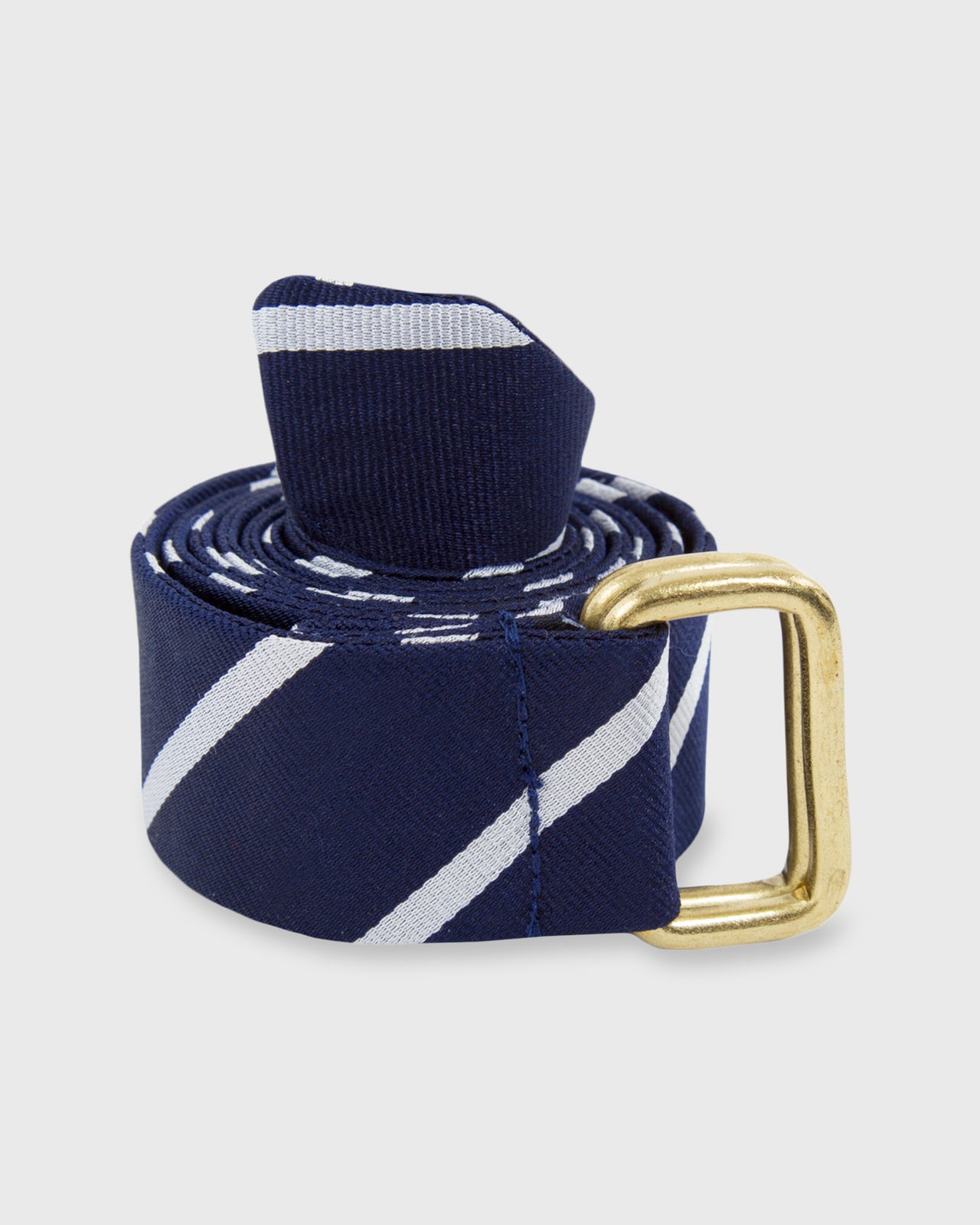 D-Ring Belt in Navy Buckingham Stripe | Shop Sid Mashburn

---

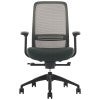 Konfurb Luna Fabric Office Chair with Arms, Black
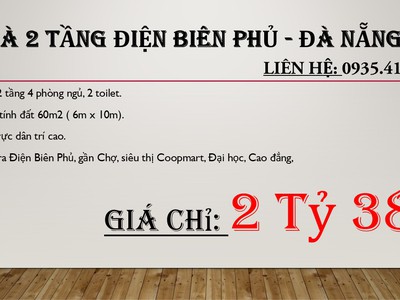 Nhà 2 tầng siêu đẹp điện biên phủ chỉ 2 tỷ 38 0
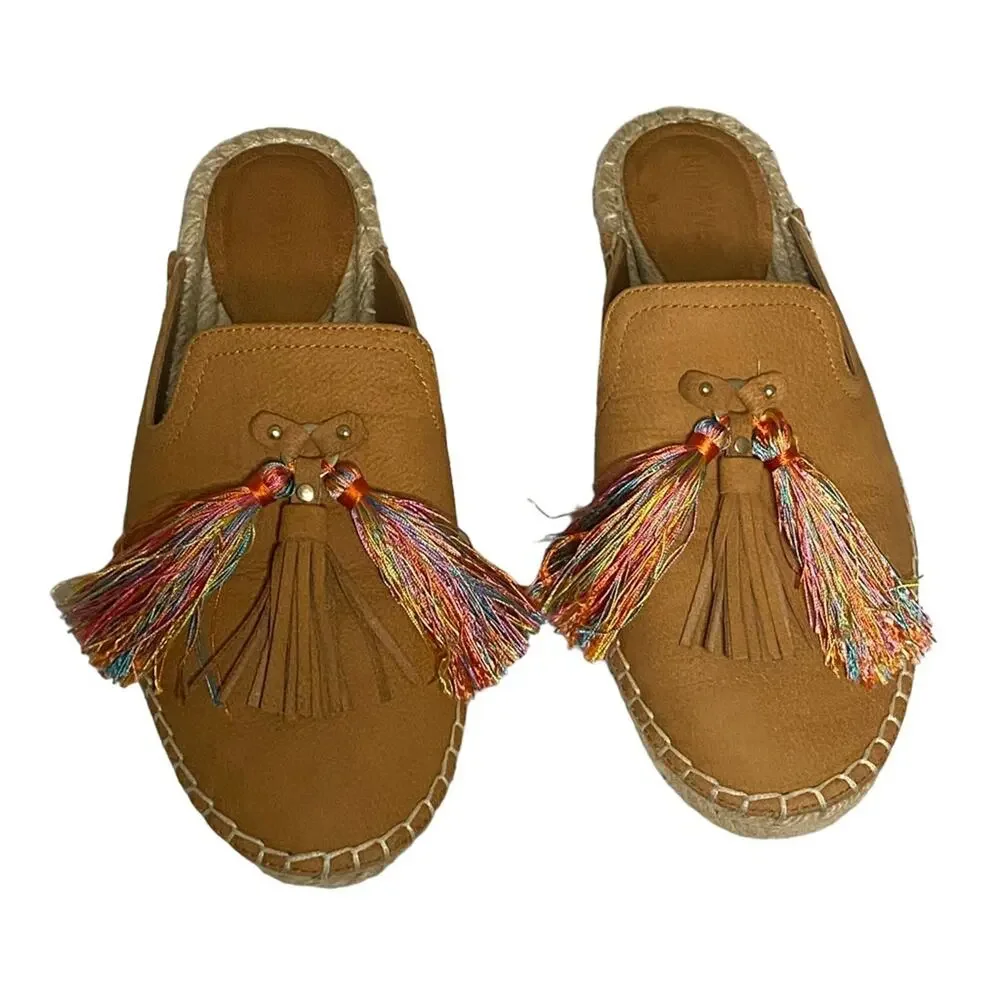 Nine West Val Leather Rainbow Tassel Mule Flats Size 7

## WORK ORDER
Excluding any pictures, print exactly the lines of the listing above from the line with "Nhà 2 tầng siêu" to the line with "Nine West Val", both ends included.

## SOLUTION FOR THIS EXERCISE
 Nhà 2 tầng siêu đẹp điện biên phủ chỉ 2 tỷ 38 0
 Nine West Val Leather Rainbow Tassel Mule Flats Size 7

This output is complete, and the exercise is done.